ちょっとびっくりしたけど、と笑う彼女は、きっと見かけによらず僕なんかより全然大人で、優しい。器が大きいんだ、とまた好きになる。どんなに好きになったって、報われやしないのに。

「好きになってくれて、ありがとう。」

紅に染まった、生徒が二人しかいない教室。窓の向こうの夕やけをバックに腕の中で微笑む大好きな人は、穏やかな眼差しを向けてくれる愛しい人は、だけど僕のじゃない。
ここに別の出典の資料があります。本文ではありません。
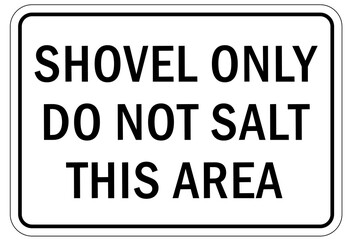 Ice warning sign and labels shovel only do not salt this area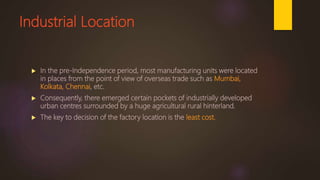 Industrial Location
 In the pre-Independence period, most manufacturing units were located
in places from the point of view of overseas trade such as Mumbai,
Kolkata, Chennai, etc.
 Consequently, there emerged certain pockets of industrially developed
urban centres surrounded by a huge agricultural rural hinterland.
 The key to decision of the factory location is the least cost.
 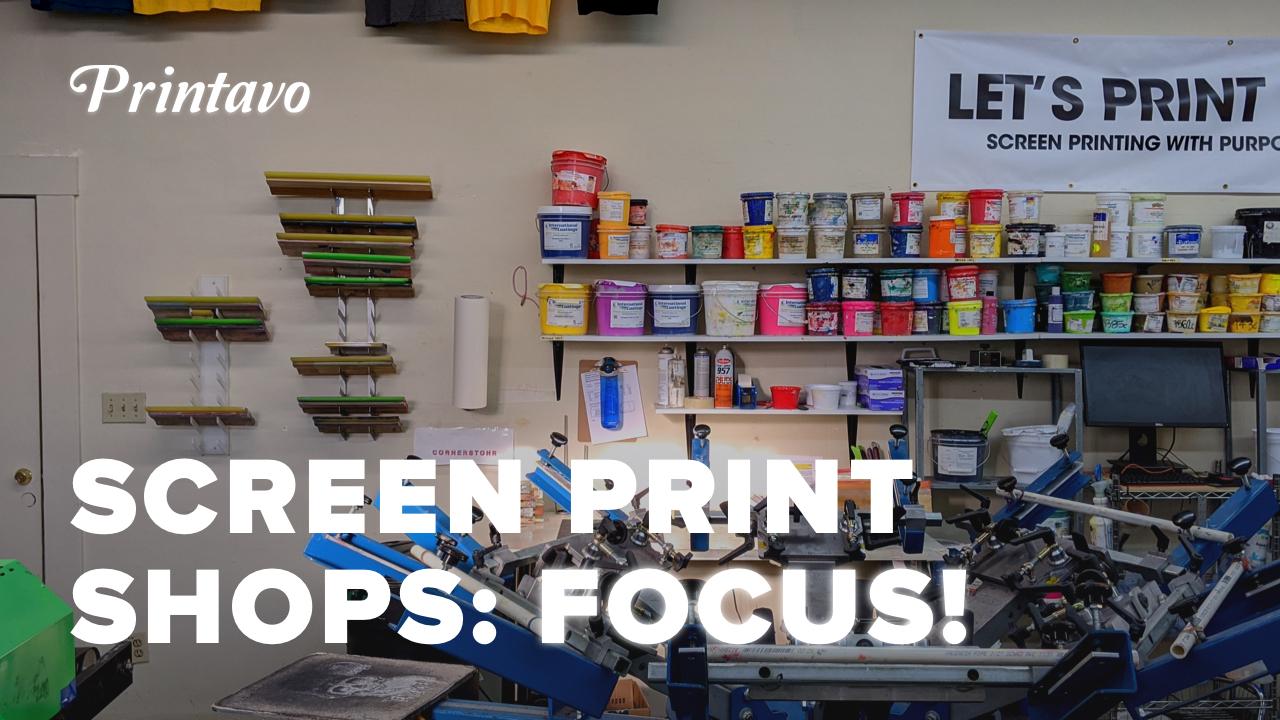 Jeg var overrasket Arthur Conan Doyle Bøje Focus In Your Screen Printing Shop: The Shop Owner's Biggest Downfall! |  Printavo - Simple Screen Printing Management Software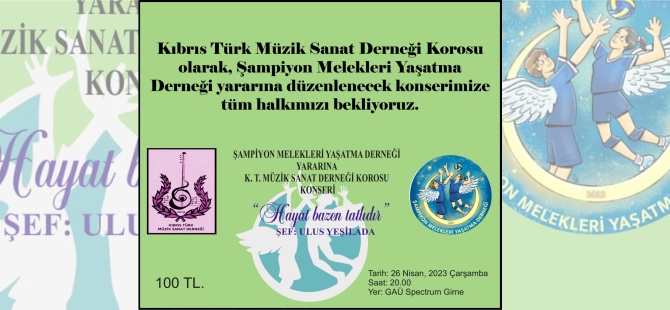 Kıbrıs Türk Müzik Sanat Derneği Korosu, Şampiyon Melekleri Yaşatma Derneği yararına konser verecek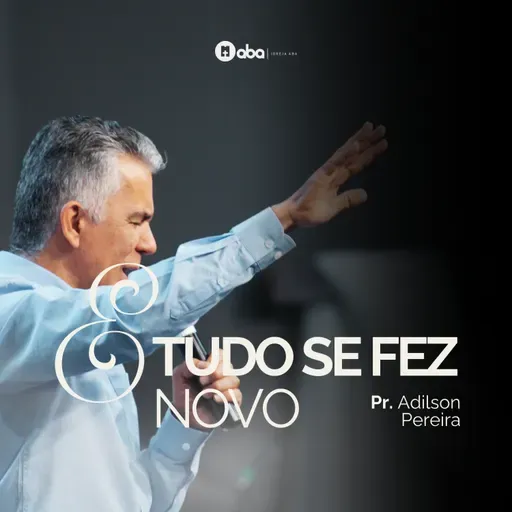 E TUDO SE FEZ NOVO | Pr. Adilson Pereira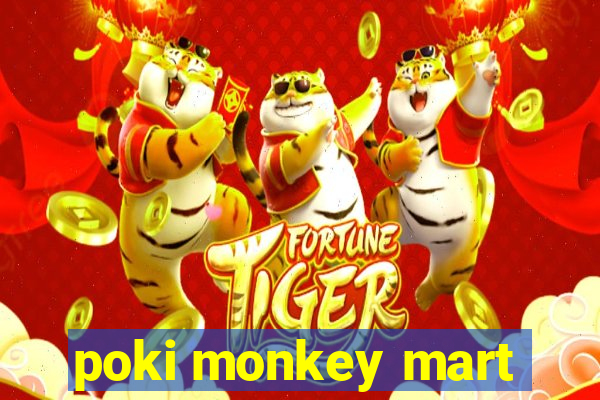 poki monkey mart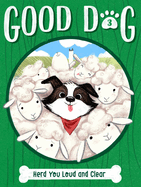 Good Dog: Herd You Loud and Clear by Cam Higgins, Illustrated by Ariel Landy (Copy) (Copy)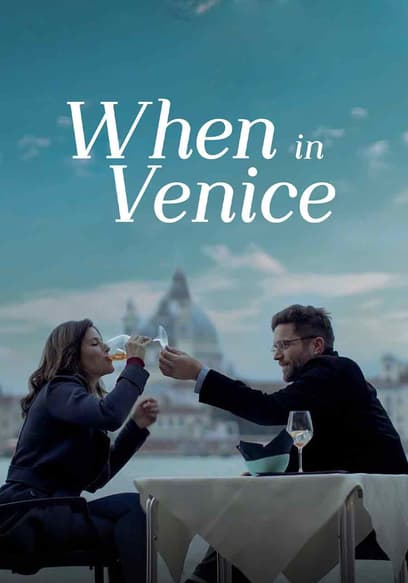 When in Venice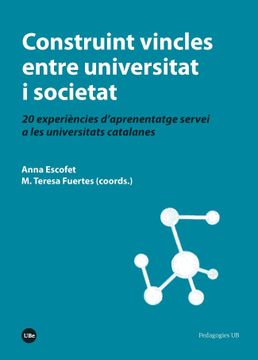 portada Construint Vincles Entre Universitat i Societat. 20 Experiències D’Aprenentatge Servei a les Universitats Catalanes (in Spanish)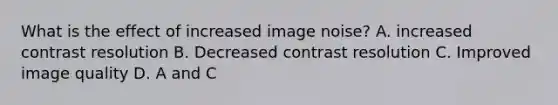 What is the effect of increased image noise? A. increased contrast resolution B. Decreased contrast resolution C. Improved image quality D. A and C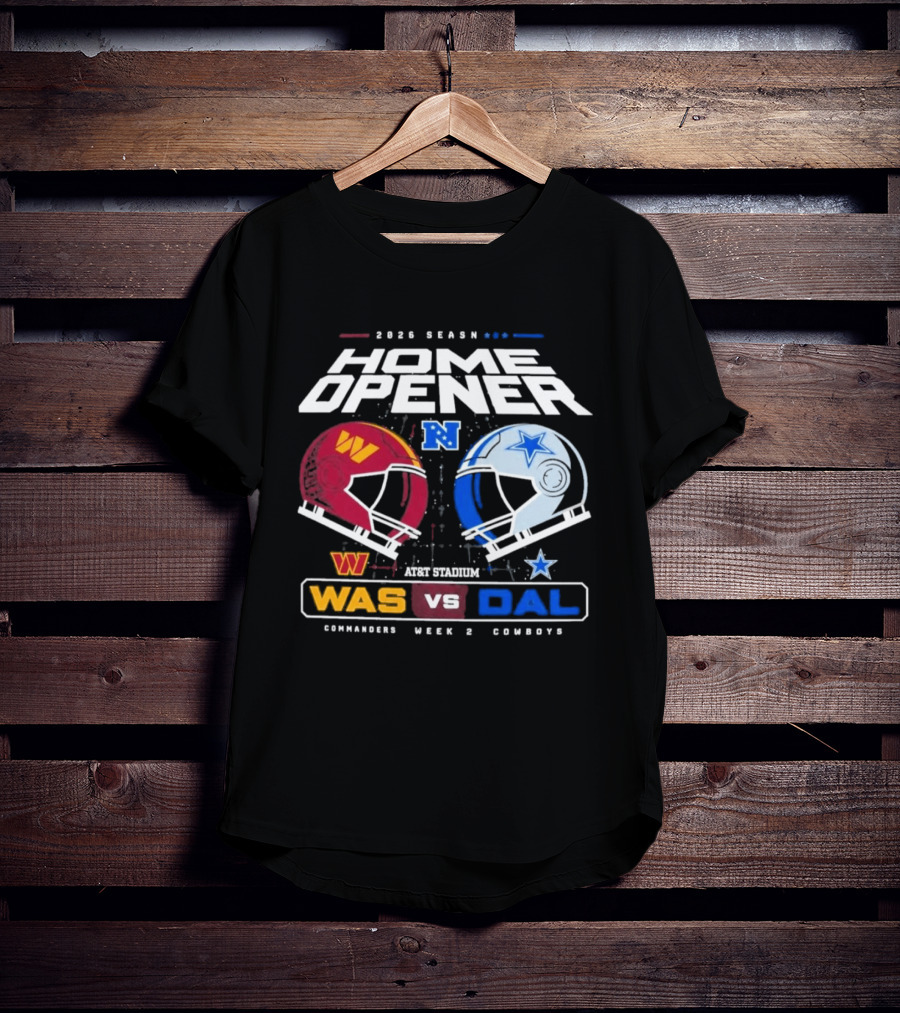 2026 Season Home Opener Washington Commanders Vs Dallas Cowboys Week 2 Gameday T-Shirt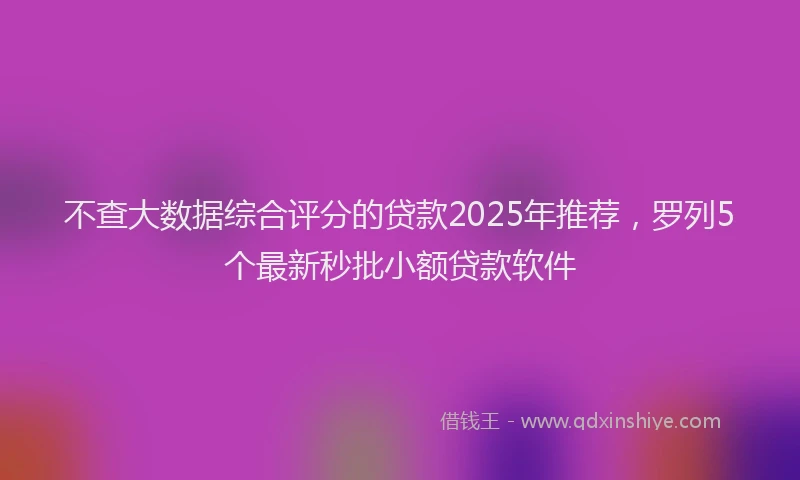 不查大数据综合评分的贷款2025年推荐，罗列5个最新秒批小额贷款软件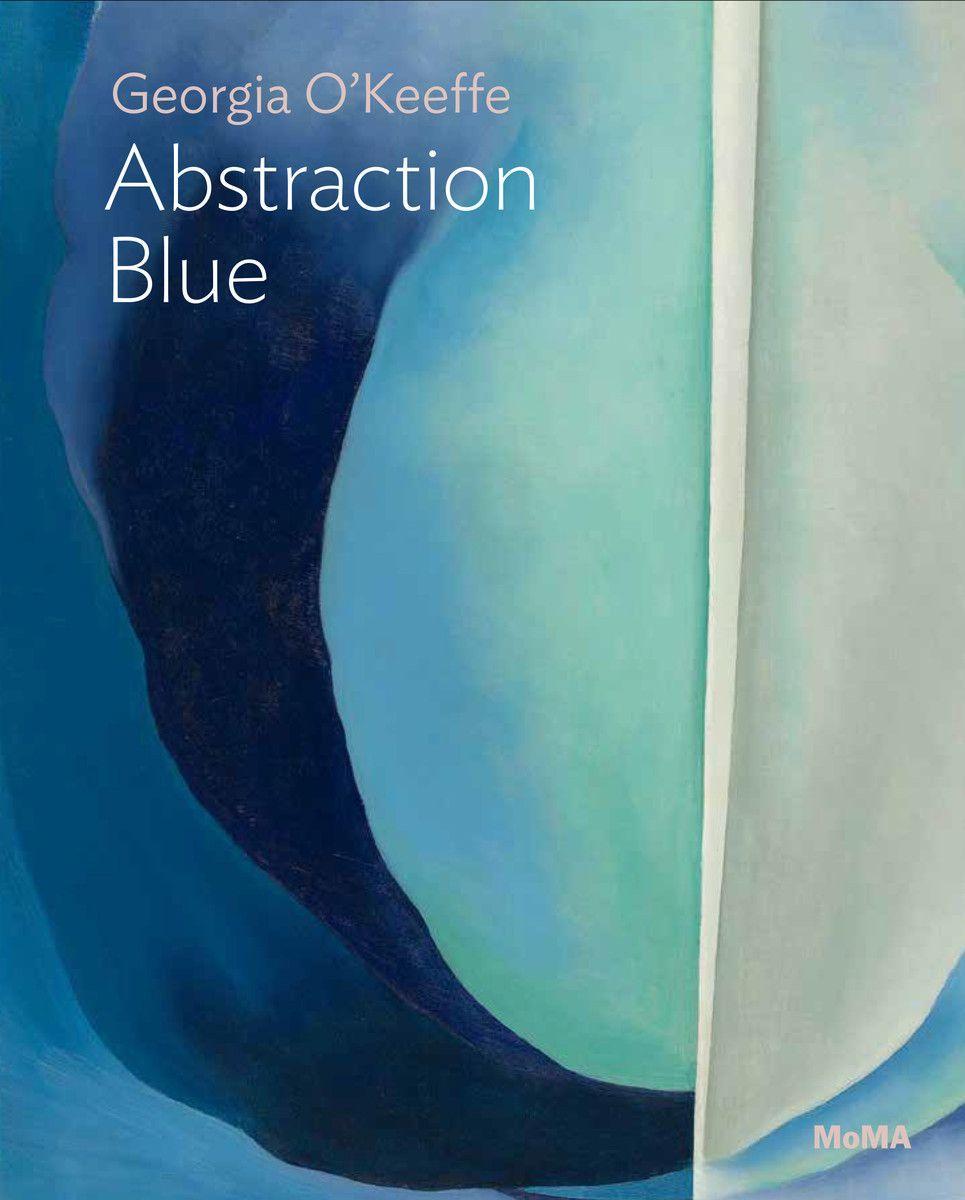Georgia O'Keeffe: Abstraction Blue / Samantha Friedman / Taschenbuch / Kartoniert / Broschiert / Englisch / 2022 / Museum of Modern Art / EAN 9781633451346 - Friedman, Samantha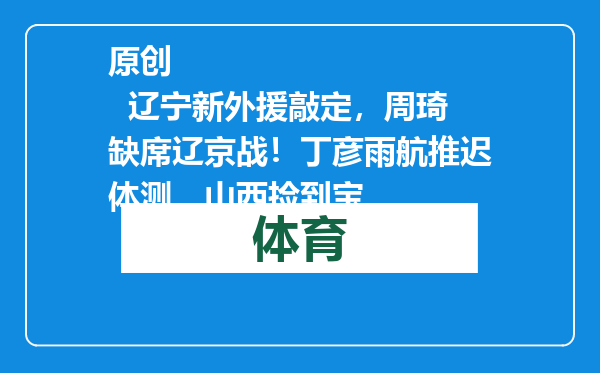 原创            辽宁新外援敲定，周琦缺席辽京战！丁彦雨航推迟体测，山西捡到宝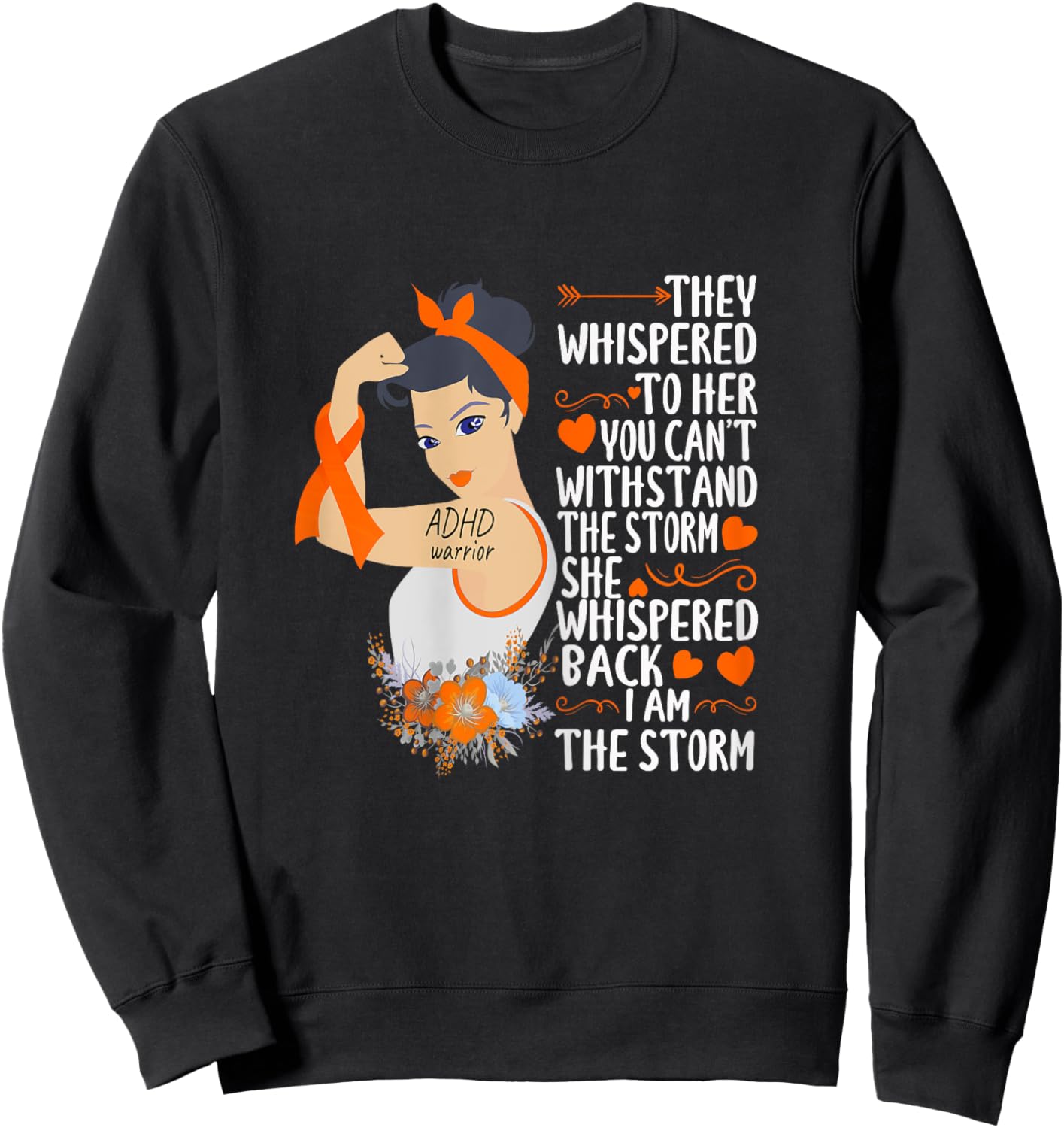 I'm The Storm ADHD warrior of the storm strong women Sweatshirt - Sweatshirt | Black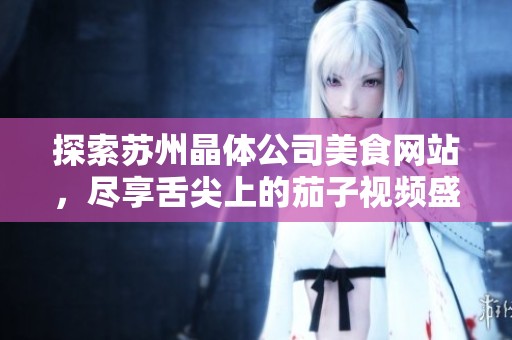 探索苏州晶体公司美食网站，尽享舌尖上的茄子视频盛宴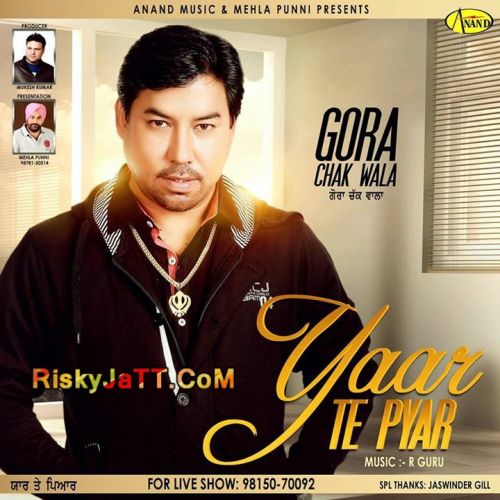 Jigre Gora Chak Wala mp3 song download, Yaar Te Pyar Gora Chak Wala full album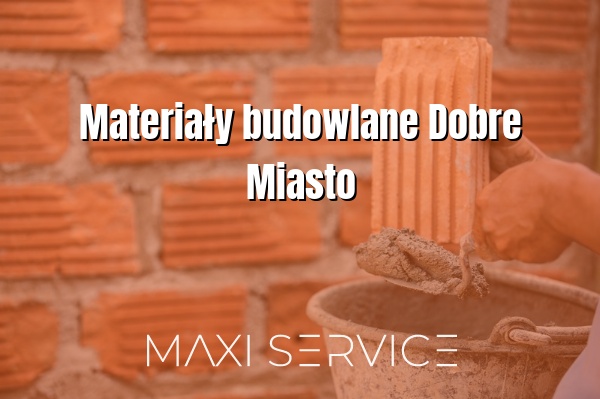 Materiały budowlane Dobre Miasto - Maxi Service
多分僕のにはならない。

「…ゴメン。」

自然と、謝罪の言葉が出た。許してほしいと心から思う自分がいた。僕らしくない。けどこの子に嫌われたくないと今更怯えるらしくない自分だって、やっぱり自分の一部で。

「…まだ好きでいても良い?」

聞いた声は自分でも驚くほど頼りなく、子供っぽく聞こえた。それは楡野も同じだったようで、僅かに身動ぎした。

「…好きにすれば。」
「うん、好きにする。諦めない。」

僕はきっと、晴れやかな笑みを浮かべていたんだろう。楡野がびっくりしている。意外だな、と低く呟かれた声に、心の中で答える。君が僕を変えたんだよと。

精々足掻けばと可愛いげのない言葉を残して、ついでに、次にあんな強引なことしたら今度こそ嫌いになるからと脅して、じゃあと楡野が背を向ける。その足が日向のいるところへと向かっているのは明白で、胸が痛んだ。

「…何て顔してんの。」
「…は、僕?」
「あほみたいな顔してる。」
「あほって、」
「また明日。」

にっ、と楡野が微笑った。明るくて優しい、素直な笑いかた。ほら、まただ。そうやって優しくするから、僕は期待してしまう。





精々足掻くよ。きっと、君は振り向きはしないだろうけど。でも気が済むまで、好きでいさせて。

こんなに好きになるなんてさ、君に会うまで知らなかった。